Faccio delle ipotesi:
(1) I membri della comunità, discutendo nella Piazza o al Bar delle notizie, hanno già stabilito un rapporto fiduciario e regole di comportamento comuni (per esempio le stesse regole da usare nella conversazione). La testata giornalistica, quindi, già svolge egregiamente il suo lavoro senza necessità della versione online.
(2) I membri della comunità non si incontrano offline, non esiste la conversazione in Piazza o al Bar. La testata giornalistica può in tal caso svolgere il suo ruolo sociale solo in un modo: costituendosi online. Tuttavia, proprio per le raccomandazioni riportate nell’articolo, il ruolo del giornale non può esaurirsi online: deve anche creare occasioni di incontro offline.
Ovviamente le tante realtà si pongono tra queste due estremità e le scelte vanno fatte su base sociale stando molto attenti agli effetti che si possono generare: costruire piattaforme virtuali (cioè agire soltanto online) è una pratica secondo me da evitare ogni volta che esiste il rischio di disgregare (liquefare, per dirla alla Bauman) una comunità. Continuo a ritenere che la Rete abbia allontanato la deriva liquida permettendo una riconnessione a chi si stava separando del tutto, sia chiaro. Oltretutto la tecnologia offre sicuramente il modo di catalogare, di organizzare dati e informazioni, non c’è bisogno di dirlo.

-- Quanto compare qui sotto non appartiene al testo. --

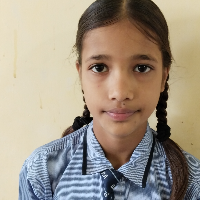 Janvi (Dharmendra)  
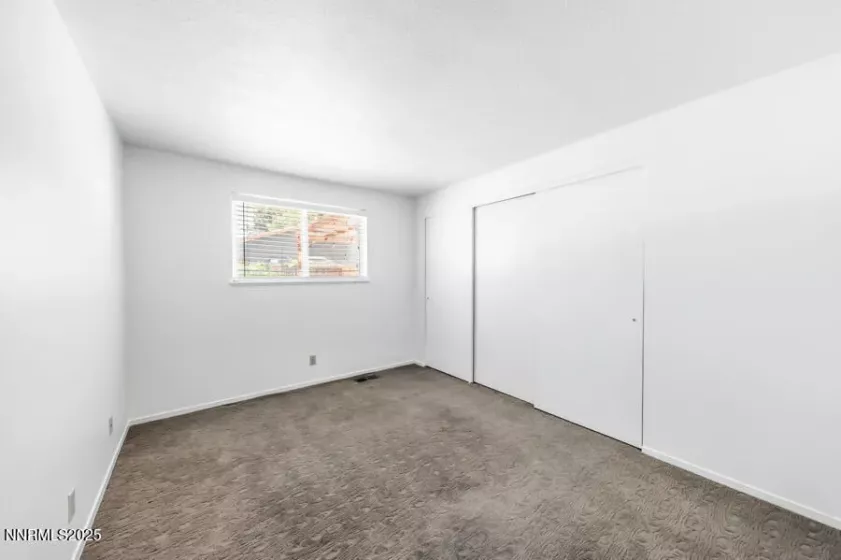 4211 Houston, Reno, Nevada 89502, 3 Bedrooms Bedrooms, ,2 BathroomsBathrooms,Residential,Residential,Houston,250050878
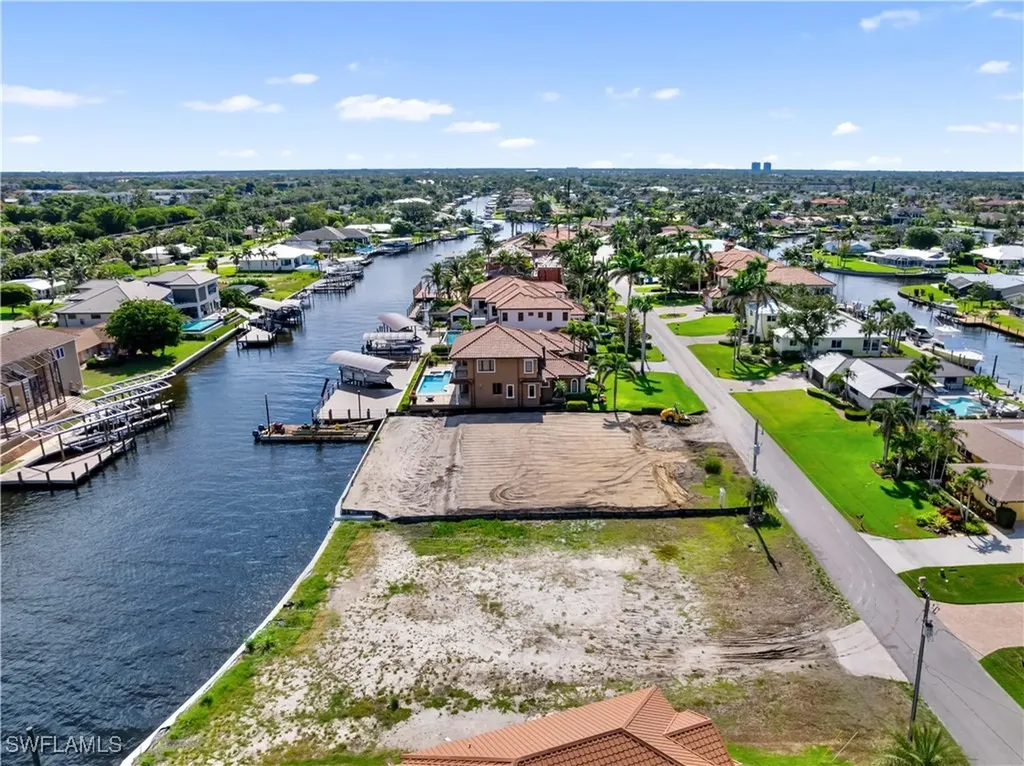799 Cypress Lake Circle Fort Myers FL 33919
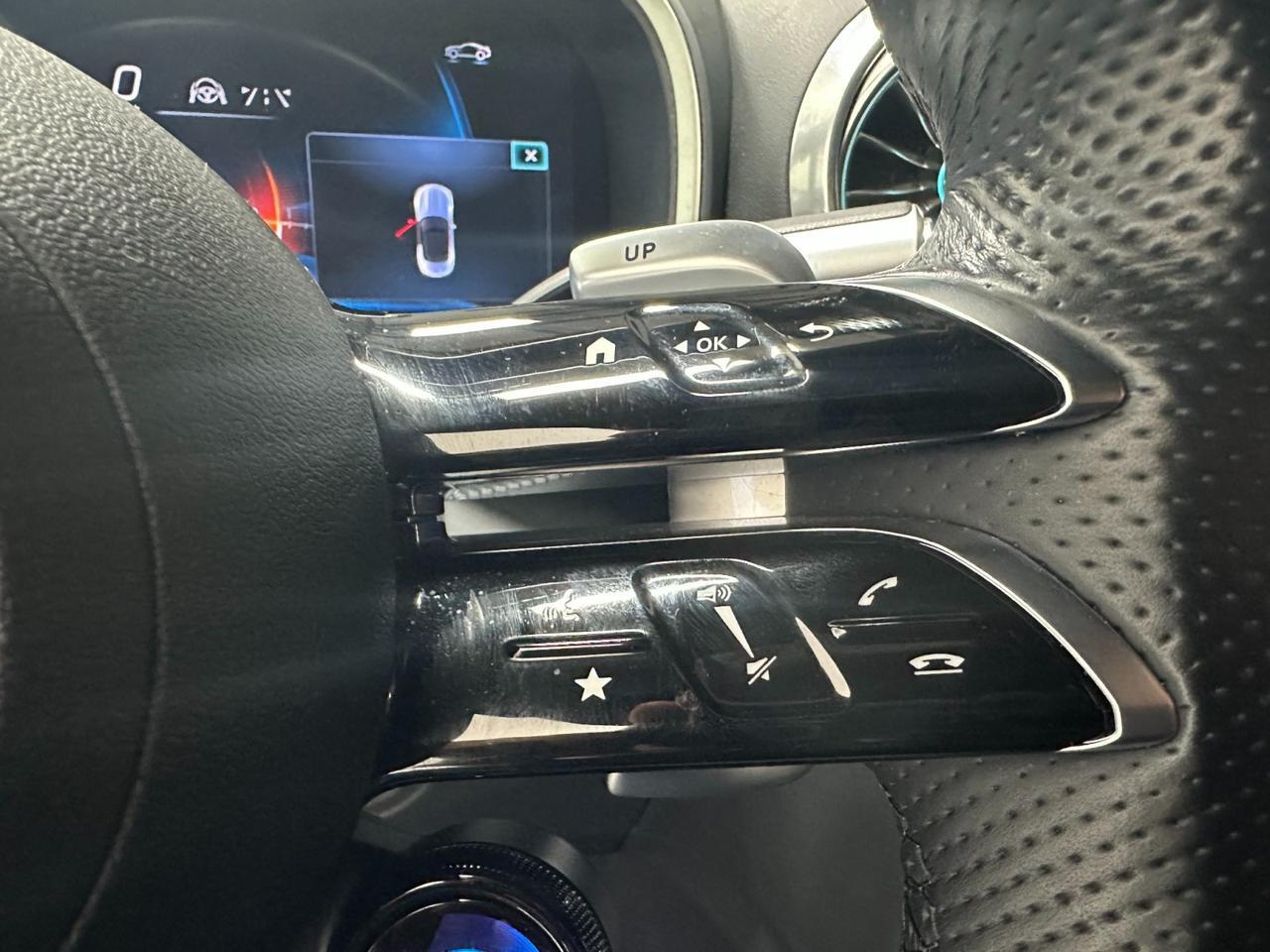 2022 Mercedes-Benz SL AMG SL 55 Houston TX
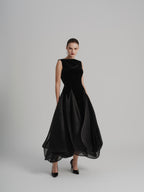 Vivien Dress
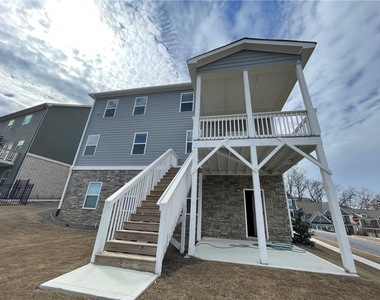 7214 Whitewater Drive - Photo Thumbnail 26
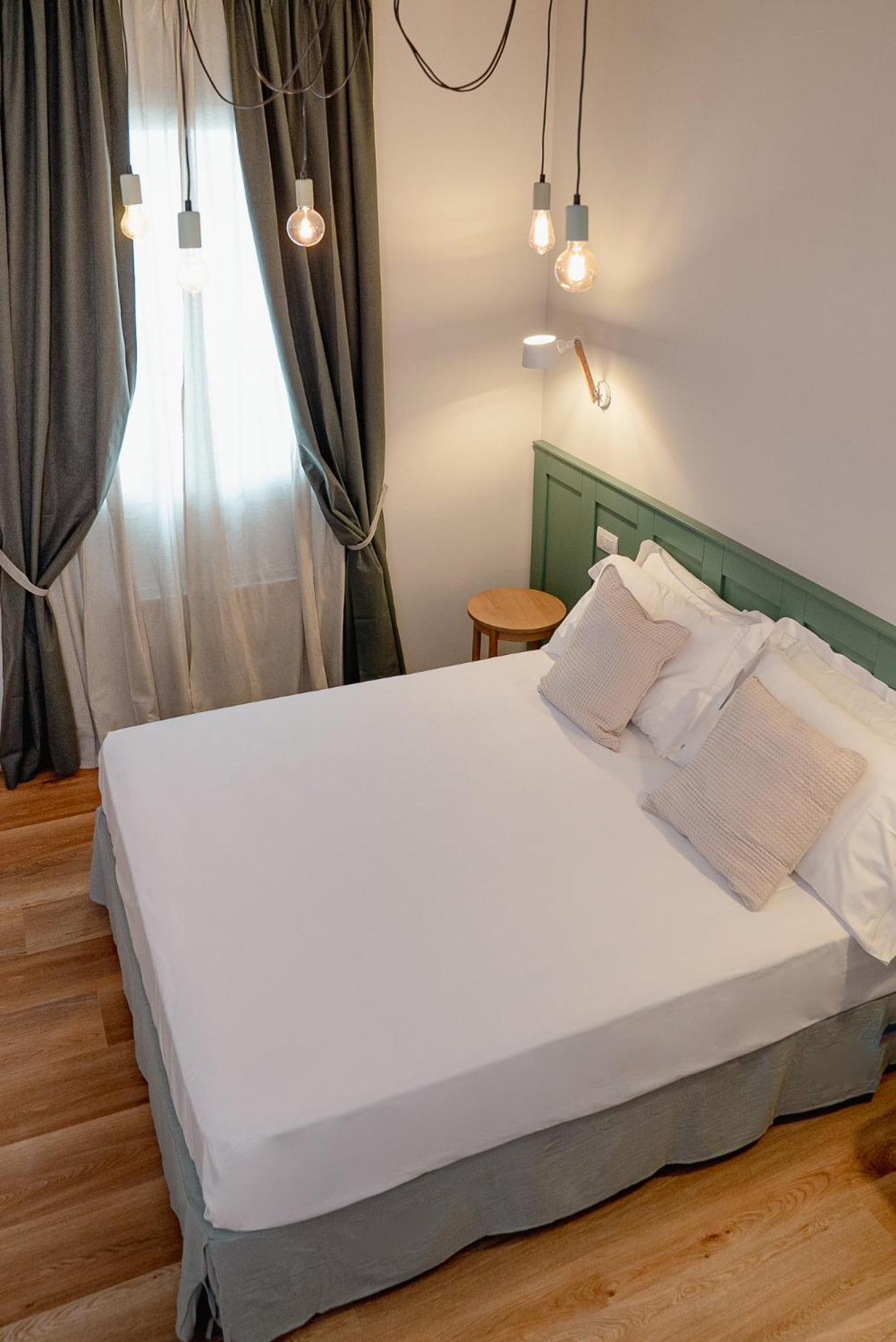 Agriturismo La Costa Gropparello المظهر الخارجي الصورة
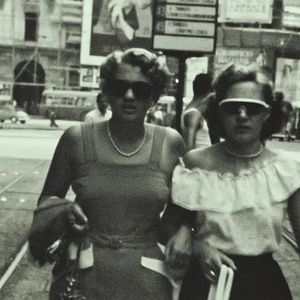 Bilder Et j'aime à la fureur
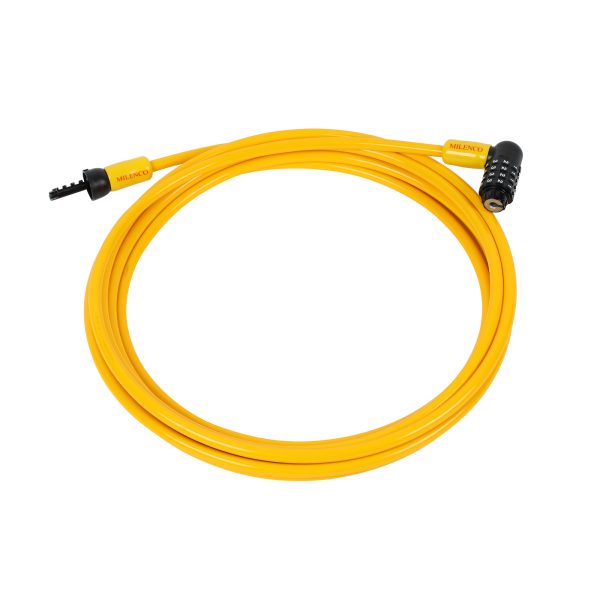 Milenco Security Cable - Image 2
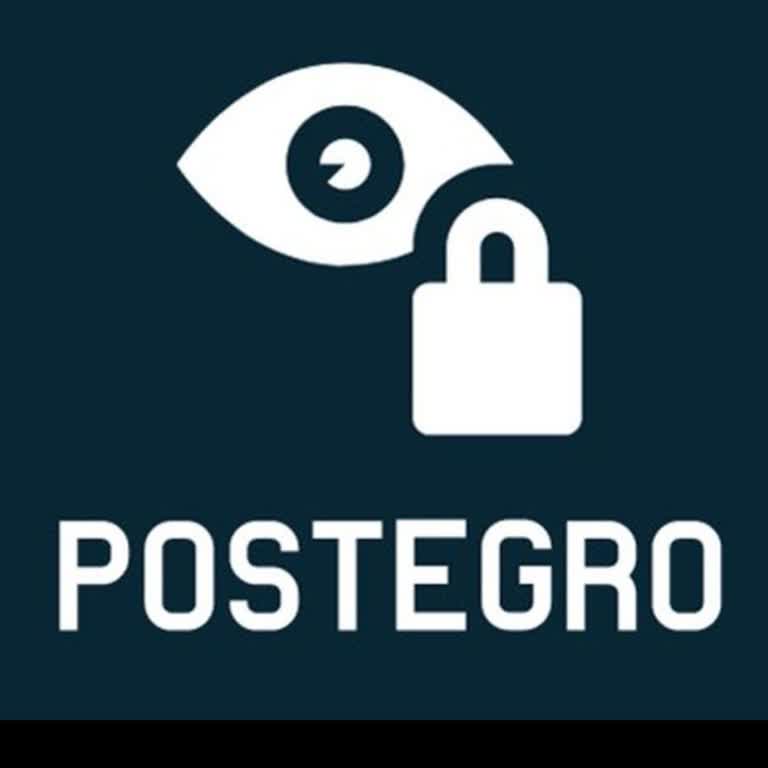 Paid for Postegro but Can’t View Private Accounts – Refund Request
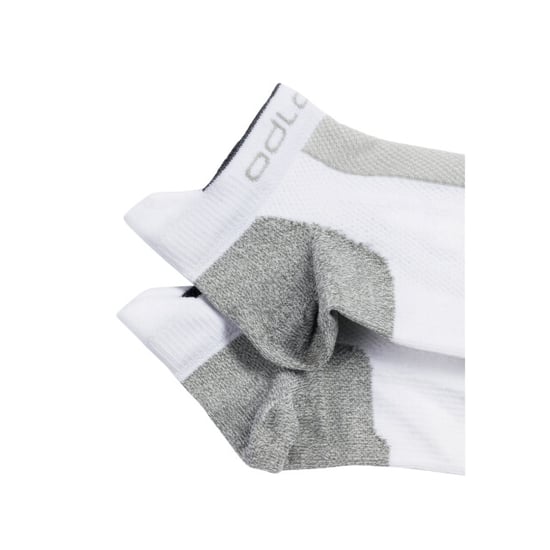 Odlo Socks short low cut light - Image 2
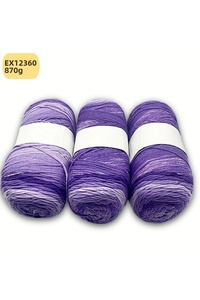 Related product image Oxford İplik Knitting Yarn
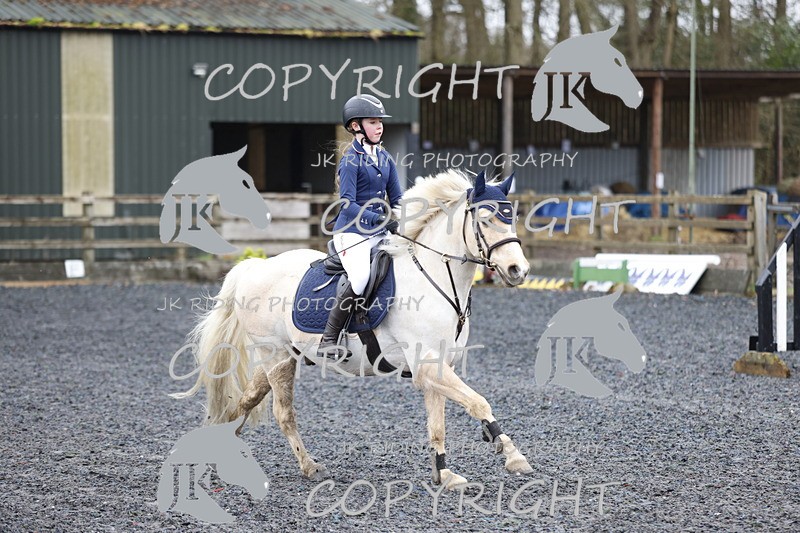 _R6A8310 - Class 3 45cm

Ma, quando la specificità territoriale lo permette, penso ci si debba sforzare a far camminare le connessioni sociali sull’asfalto, piuttosto che sul cavo. E questo è vero quanto più piccola è la comunità. Man mano che le comunità si fanno più grandi, poi, seguendo le raccomandazioni presenti nell’articolo citato, il ruolo sociale della testata si compie tanto più quanto maggiori sono le occasioni create di connettersi anche nelle (piccole) Piazze: riuscite ad immaginare l’arricchimento che si ricaverebbe se iniziative stile “Repubblica delle Idee” avessero luogo nelle Piazze dei piccoli centri italiani (dando parola a chi vive il territorio)?
(1)E’ poi l’equivalente monetario del Capitale Sociale che misura la qualità dell’articolo: due centesimi di euro per articolo è il risultato del mio calcolo secondo un procedimento ampiamente documentato nel libro
(2)Capitolo 3 del libro Social Capital and Information Technology
(3)Una scuola di pensiero sostiene che il capitale sociale si crei e si accumuli quando tra i membri della comunità c’è condivisione di norme di comportamento e fiducia.